FP uses planned obsolesence

You gave the word the negative definition, so no not 2 ways to interpret.

5 Likes

?
Is this a strawman-fallacy ?

Are you asking yourself?

Else you might want to read again

So you clearly defined the malicious intention from the beginning and you still do.

A fact would come with evidence, this thesis you phrased is just

Edit: you brought this up, so stand to it, and dont try to tell us something different was meant. You have this opinion, thats fine, you get feedback, think about it and decide if you change your mind or want to go with your thesis. No need to try to get an agreement.

5 Likes

I stand to it, but I can’t see your point. Where are two ways to interpret this?
I clearly stated from the beginning

"Planned obsolesence can be “malicious/by intention” or “careless”. At least the last point is true, because this update has not been tested if it works for the FP3 smoothly. "

And if you read the whole context I state several times, that this doesn’t mean “accidental”, but continuuos carelessness towards a certain product.

This is nonsense.
If it’s careless it’s not planned.

define: planned

plan

/plan/

verb
past tense: planned; past participle: planned

  1. decide on and make arrangements for in advance.

“they were planning a trip to Egypt”

define: careless.

careless

/ˈkɛːləs/

adjective

adjective: careless

  1. not giving sufficient attention or thought to avoiding harm or errors.

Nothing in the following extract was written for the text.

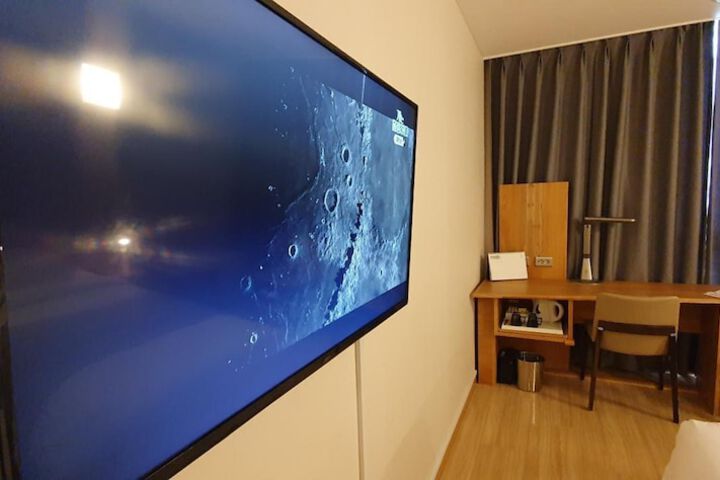 Room 16 of 52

“she had been careless and had left the window unlocked”

2 Likes

I :heart: semantic discussions! :heart_eyes:

It’s obvious what I’m talking about in this context. You can plan to abandon support for a device f.e., to not test updates anymore etc… This can be a form of planned obsolescence, but it’s not the same like maliciously break a part of a program.
Please don’t waste our time with picking single words out of context.